日本IBMは6月16日、デジタル変革に向けた経営レベルの課題解決を金融業界の顧客とともに推進するための包括的な枠組み「オープン・ソーシング戦略フレームワーク」と、その中核ソリューションとして「金融サービス向けデジタルサービプラットフォーム(IBM Digital Services Platform for Financial Services、DSP)」を発表した。

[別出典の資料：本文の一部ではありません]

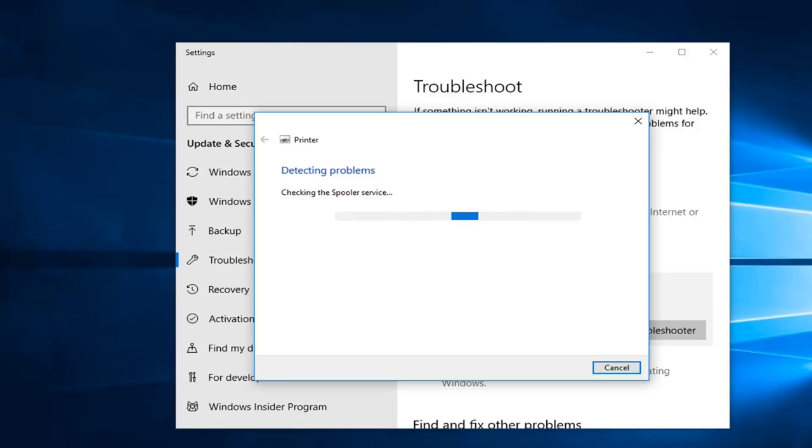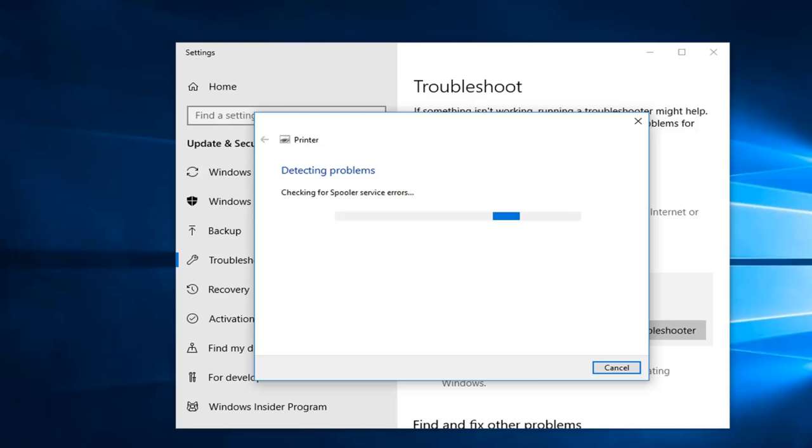And then you want to select your printer.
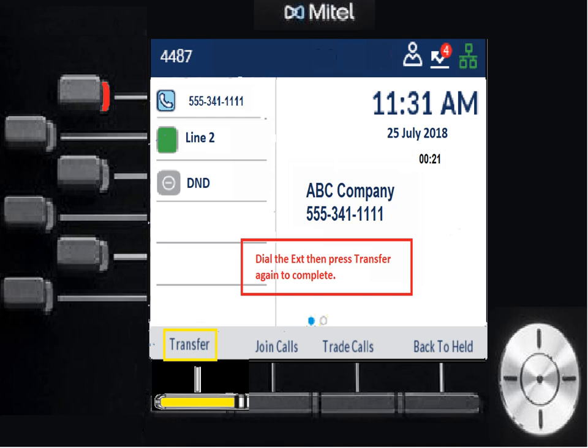Back to held is like taking one step back — on a transfer it cancels because that's a step back. If we're on a conference with four people and I'm trying to add another person, back to held lets me return to the original conference call. On a conference call you can hit trade calls to jump to each user. So that's transfer covered.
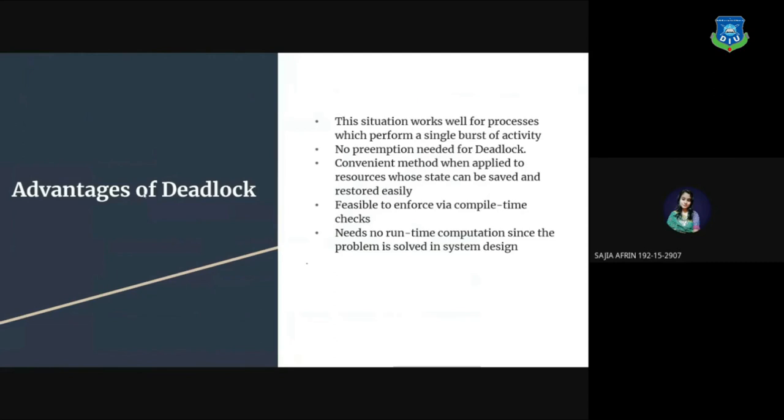Advantages of deadlock. The situation works well for processes which perform a single burst of activity. No preemption needed for deadlock. Convenient method when applied to resources whose state can be saved and restored easily. Feasible to enforce via compile time checks. There is no runtime computation since the problem is solved in system design.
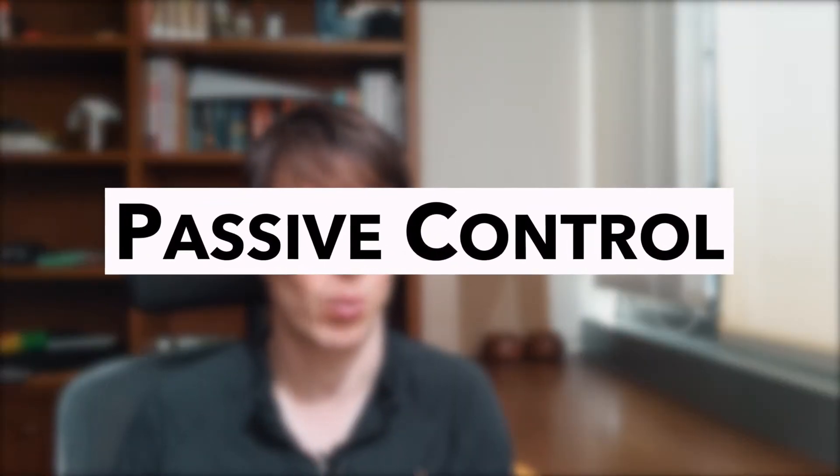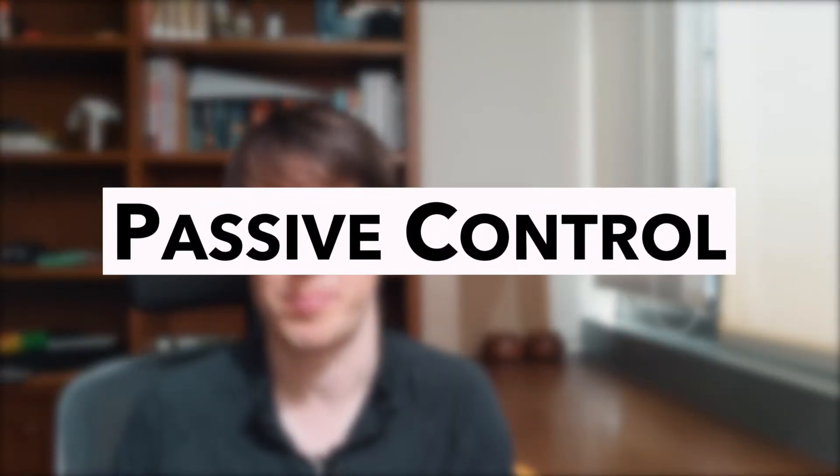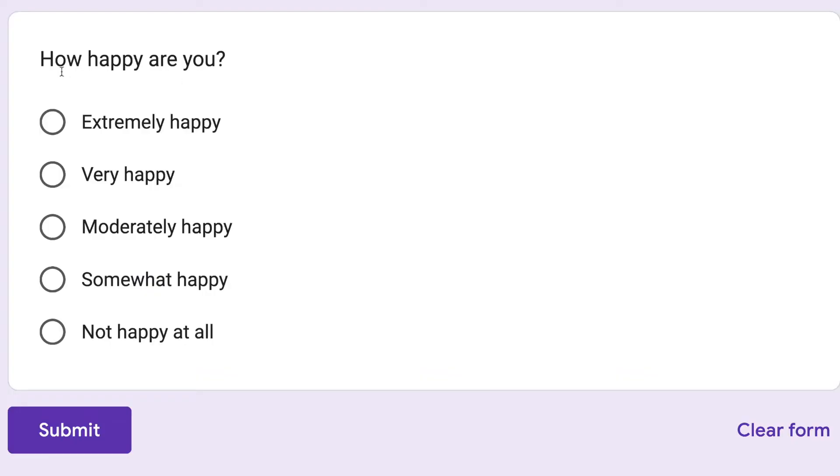A passive control group is one where people don't do anything special. Imagine that I have one group of people do a merry jig, and I have another group of people do absolutely nothing. At the end, I give them both a test to see who feels happier afterwards. If we're trying to figure out whether dancing a merry jig makes people happier, this is a really bad test.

オープン・ソーシング戦略フレームワークは、フロントサービス、デジタルサービス、ビジネスサービス、金融サービス向けパブリッククラウド、新しい働き方の実践と人材育成・コミュニティという5つのコンポーネントで構成されている。
また、オープン・ソーシング戦略を推進するためのソリューションは、オープンアーキテクチャ、オープンスタンダード、オープンソースを採用したオープンプラットフォームとして提供されることで、ベンダーロックインや特定企業との独占パートナーシップを回避し、異業種、同業種(銀行同士)、FinTech企業、ソリューションパートナー、地域のITインテグレーターなど、それぞれの個性ある取り組みを互いに利活用できるエコシステムを形成するという。

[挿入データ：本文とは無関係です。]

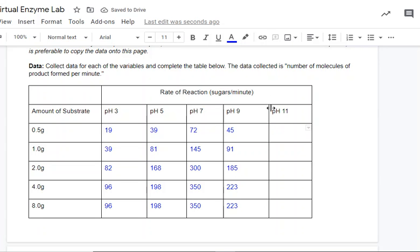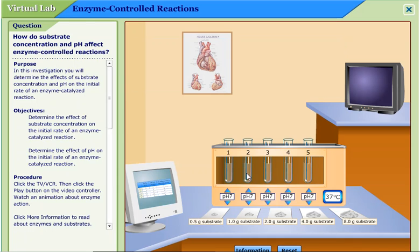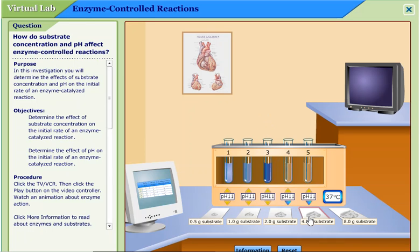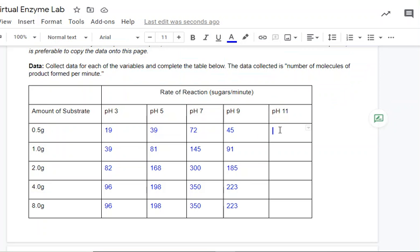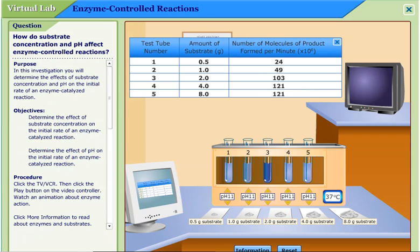Let's see if the same thing happens at pH 11. This is our last pH — the strongest and most alkaline pH we've tested because the number is closest to 14. We have 0.5 grams of substrate in test tube one, 1.0 gram in test tube two, 2.0 grams in test tube three, 4.0 grams in test tube four, and 8.0 grams in test tube five. Still at 37 degrees Celsius. The numbers go down: 24, 49, 103, 121 and 121.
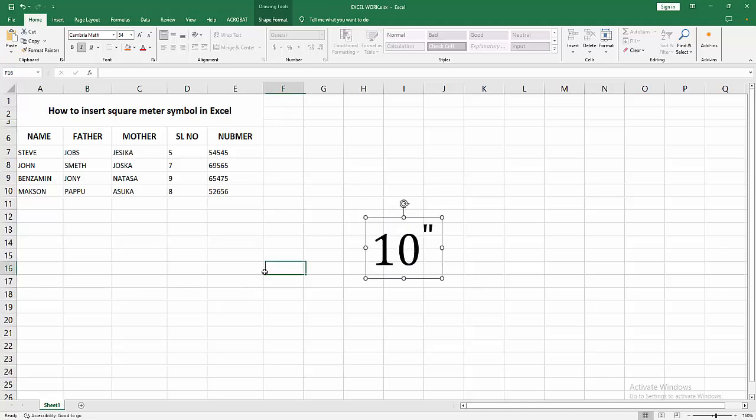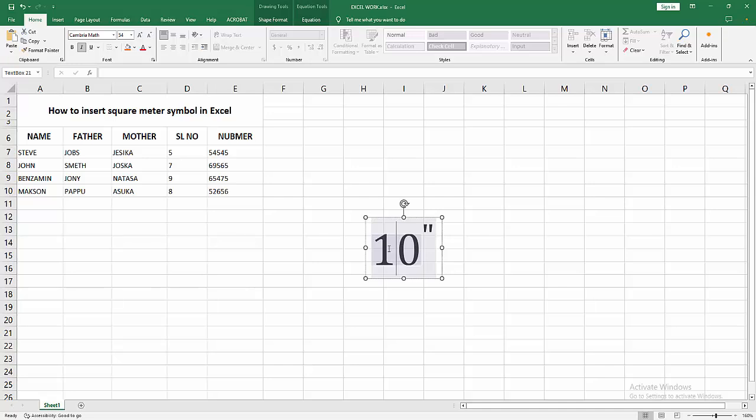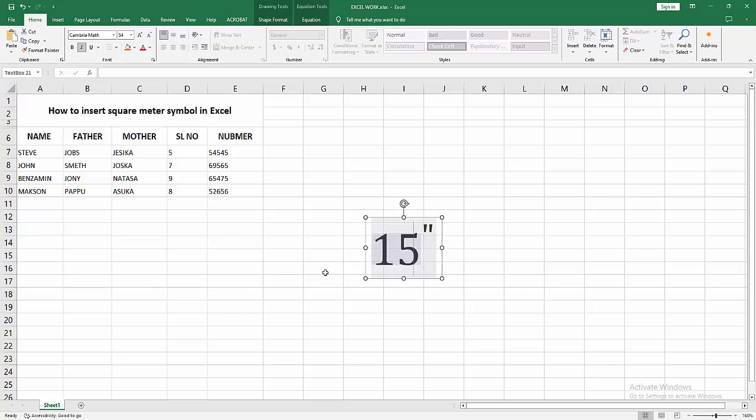Now we can see we wrote the square meter symbol in Excel easily. You can change the text but the symbol does not change. The equation changes easily. Now I change the 10 to 15.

DSPはオープン・ソーシング戦略フレームワークを推進するための第1弾であり、業界共通サービスを金融サービス向けクラウドでオープンかつ安定的に提供するソリューション。
業務マイクロサービス、基幹系連携機能、DSP基盤の3つで構成されており、業務マイクロサービスは認証、諸届、口座照会、振替、資金移動といったサービスを実行するための共通サービス部品で、2020年5月現在で81種類のAPIが利用可能であり、年内に147種類、2021年3月までに181種類への拡充を予定。
業務マイクロサービスは、基幹系連携機能を利用することで、基幹系システムを意識せずにプラグインの方法で新たな業務を迅速かつ柔軟に開発できるようになることに加え、DSPはRedHat OpenShift上で開発しているため、「一度作ればどこでも実行できる(Build once and run anywhere)」を実現し、オンプレミスやパブリッククラウドなど、あらゆるシステム基盤で稼働できるという。
さらに、今後はDSPをユーザー企業やソリューション企業にも開放することで、自由な競争のなかで金融アプリケーションの相互利用を促す考えだ。同社はDSPを発展させ、パブリッククラウドの「IBM Cloud」を利用したセキュアな高可用性クラウド基盤上のマネージドサービス(DSP基盤)を2021年3月から提供する。
DSP基盤は、大手銀行向けにIBM Cloudを提供してきた経験やFISCの安全対策基準に代表される金融規制対応に関する知見に基づき、ネットワーク、通信・データの機密性、運用などでセキュリティ対策を行ったものとなり、環境提供・基盤運用に関してはマルチテナントの方式を推奨するが、ユーザーの要望に応じてオンプレミスやマルチクラウド上で専用環境を構築するなど、銀行独自または共同化の形式で基盤運用を行うこともできるという。
日本IBM 山口明夫氏は「顧客が必要とするプラットフォームを提供することが、一番メリットをもたらすと考え、構築した。相当な準備をした」と述べていた。
今後、同社は共同化システム利用行に対してDSPの利用を拡大し、共同化システムの共同化を推進することで、競争力のあるシステムへの革新を図り、オープン・ソーシング戦略フレームワークである5つのコンポーネントの取り組みは順次発表していく考えだ。